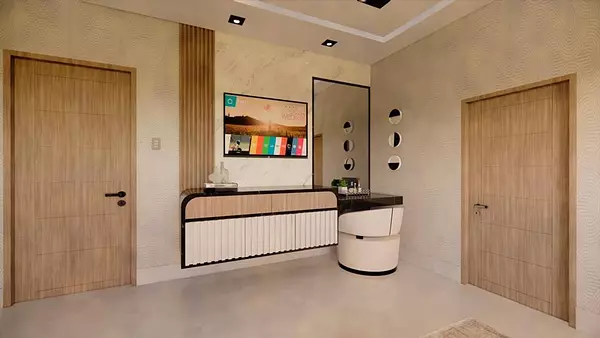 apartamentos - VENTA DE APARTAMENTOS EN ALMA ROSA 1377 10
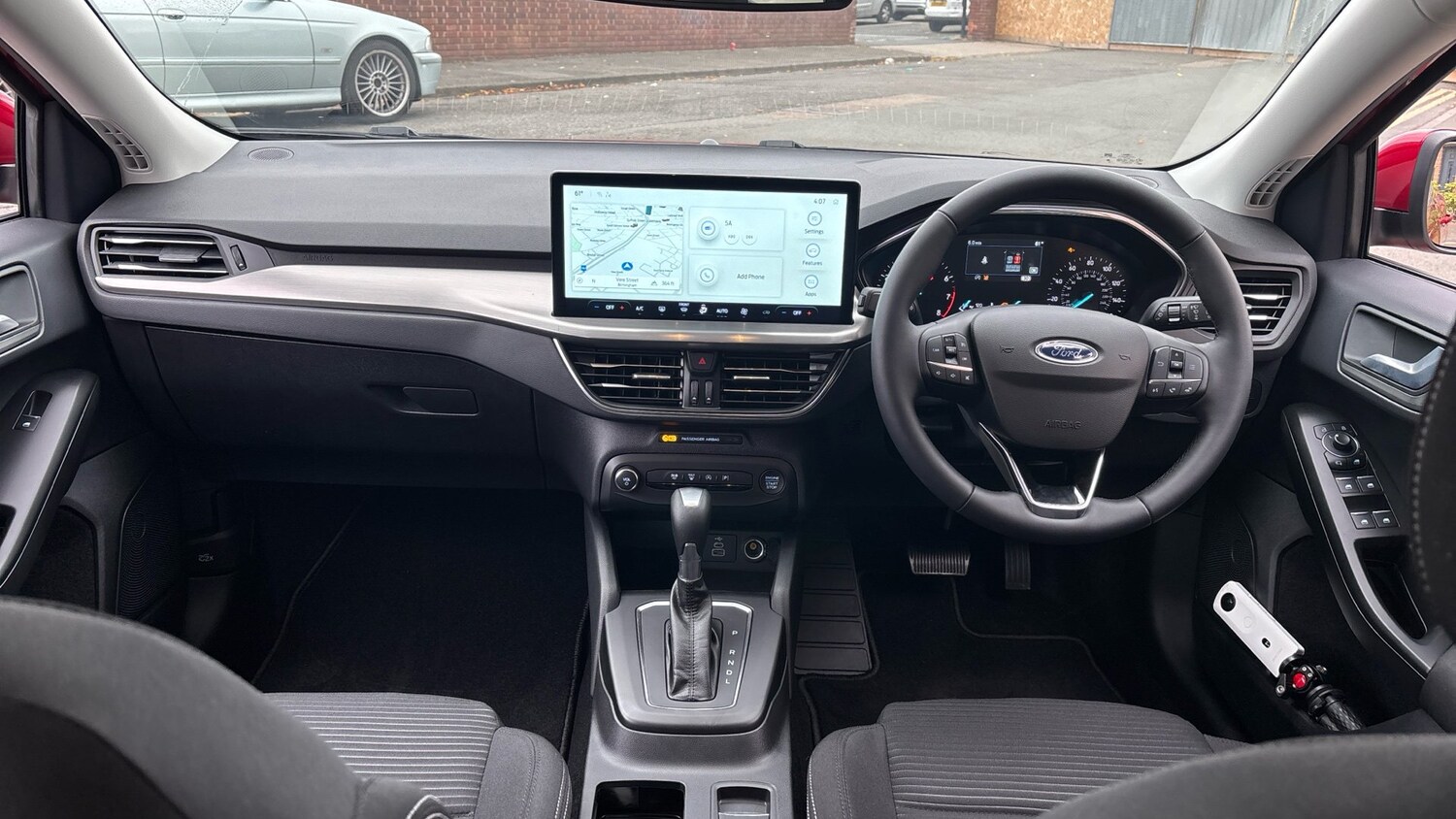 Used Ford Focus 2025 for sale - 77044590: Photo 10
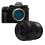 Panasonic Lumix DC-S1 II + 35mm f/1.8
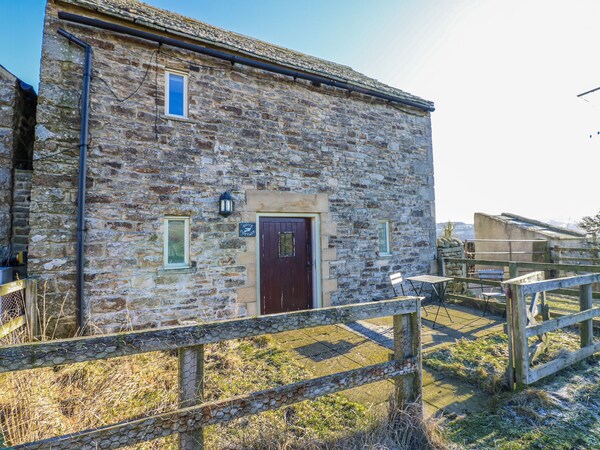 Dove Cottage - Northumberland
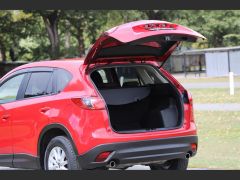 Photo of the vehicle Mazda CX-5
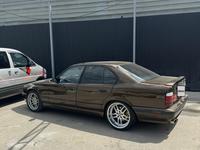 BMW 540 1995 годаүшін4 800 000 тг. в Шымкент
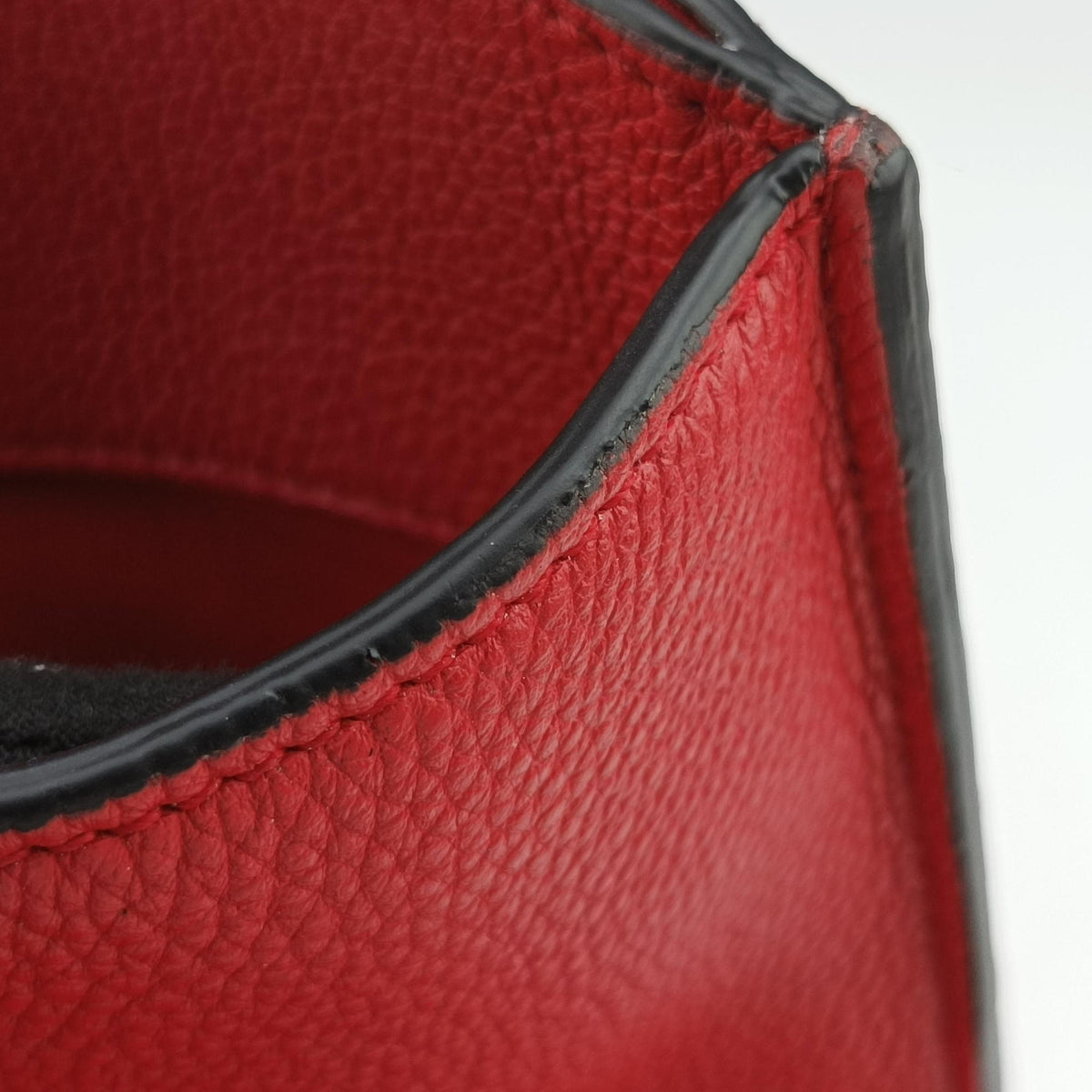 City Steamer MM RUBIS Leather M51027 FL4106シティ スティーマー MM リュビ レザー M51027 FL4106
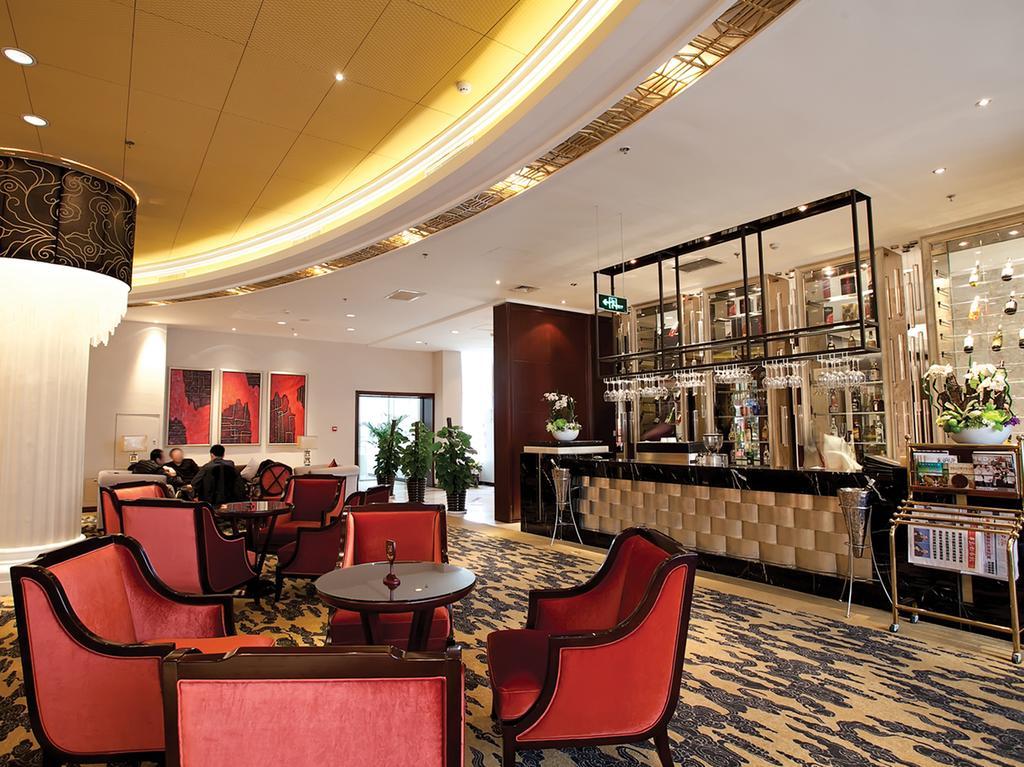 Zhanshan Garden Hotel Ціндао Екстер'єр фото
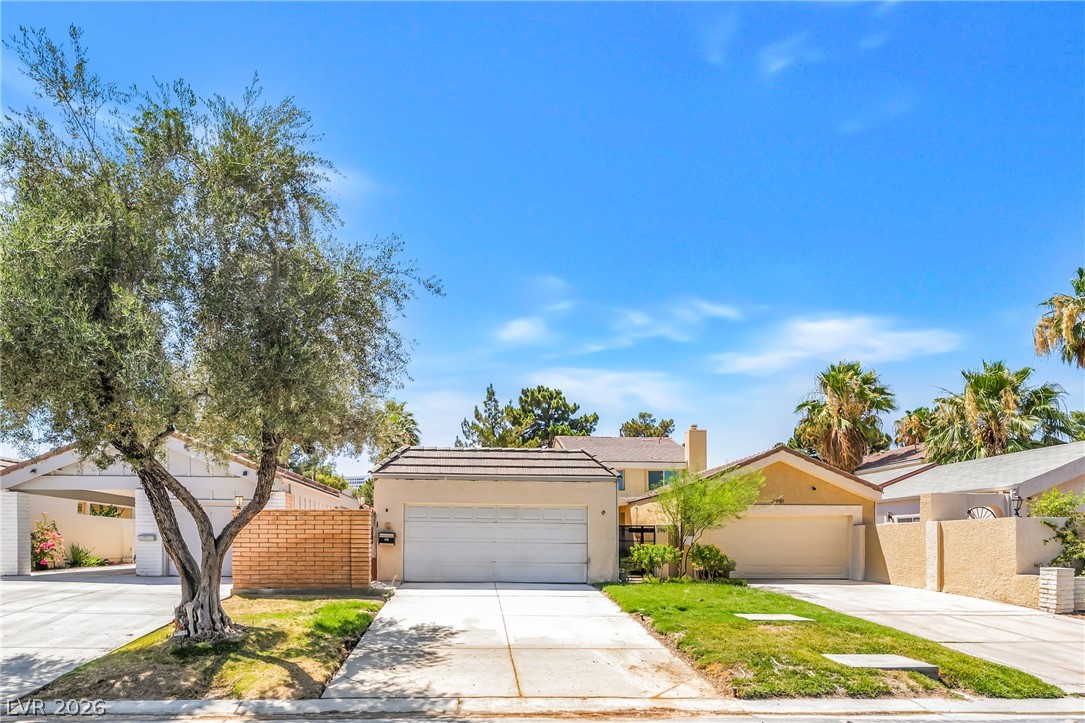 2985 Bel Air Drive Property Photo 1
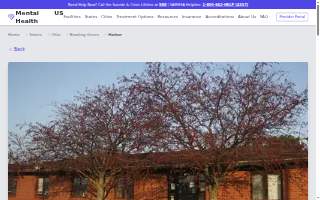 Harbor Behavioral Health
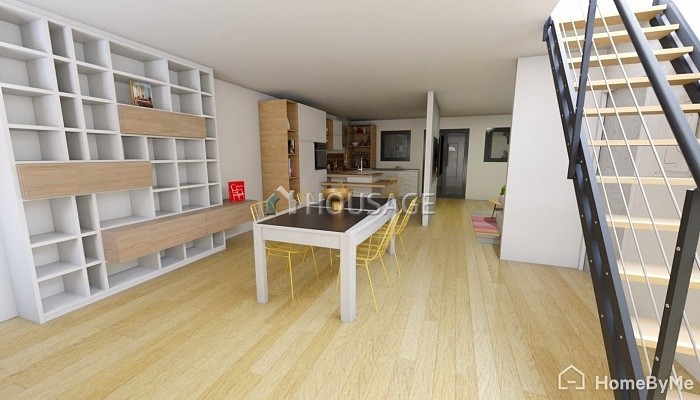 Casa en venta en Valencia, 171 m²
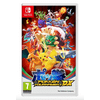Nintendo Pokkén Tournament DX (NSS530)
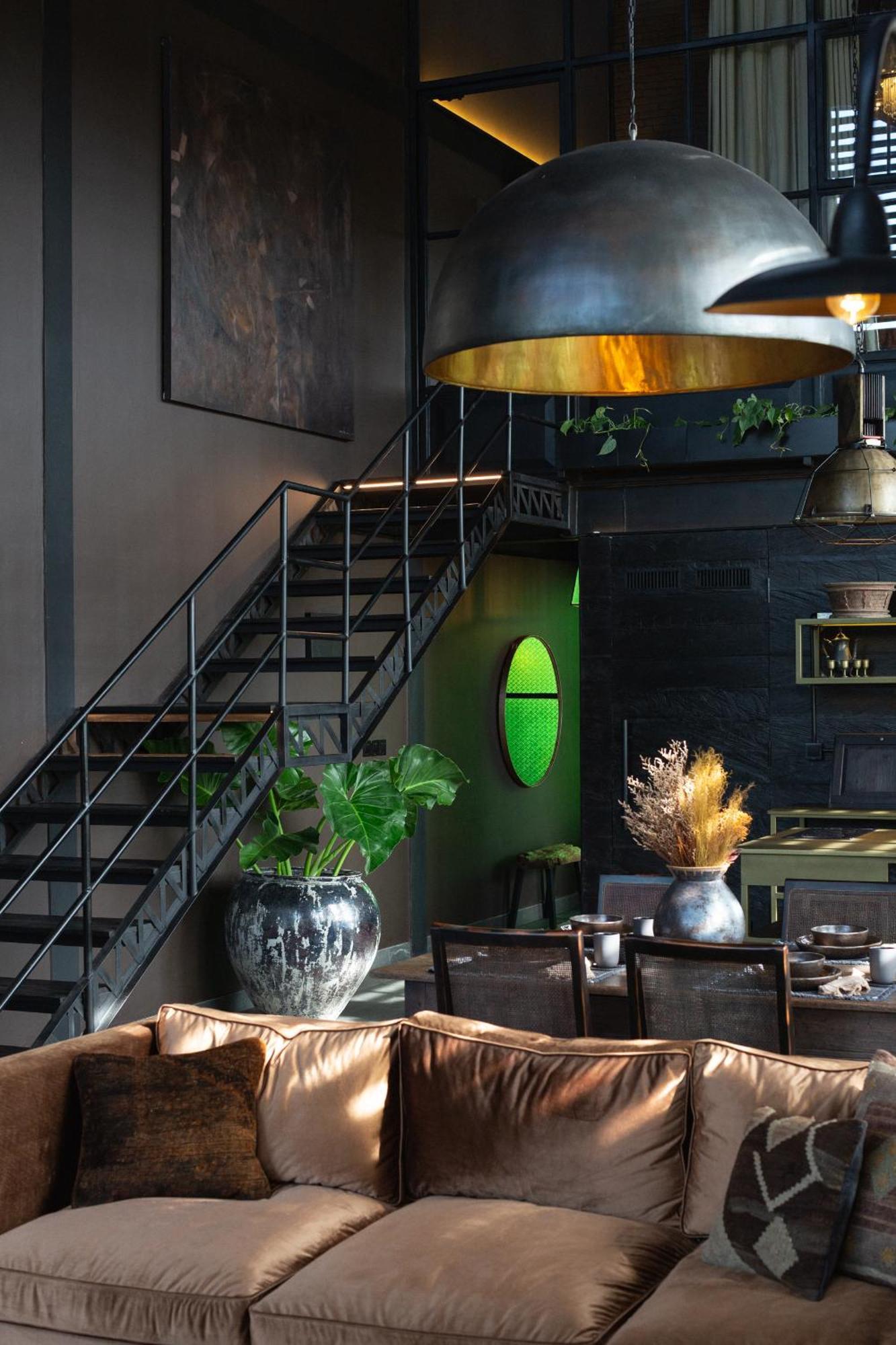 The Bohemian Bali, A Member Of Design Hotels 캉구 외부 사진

Exercise goal> If a picture sits between the line containing "Dove Cottage - Northumberland" and the line containing "2985 Bel Air Drive Property Photo 1", leave it out, and return the lines of that range above exactly, both ends included.

Task answer>
 Dove Cottage - Northumberland
 Photo of the vehicle Mazda CX-5
 BMW 540 1995 годаүшін4 800 000 тг. в Шымкент
 City Steamer MM RUBIS Leather M51027 FL4106シティ スティーマー MM リュビ レザー M51027 FL4106
 Zhanshan Garden Hotel Ціндао Екстер'єр фото
 2985 Bel Air Drive Property Photo 1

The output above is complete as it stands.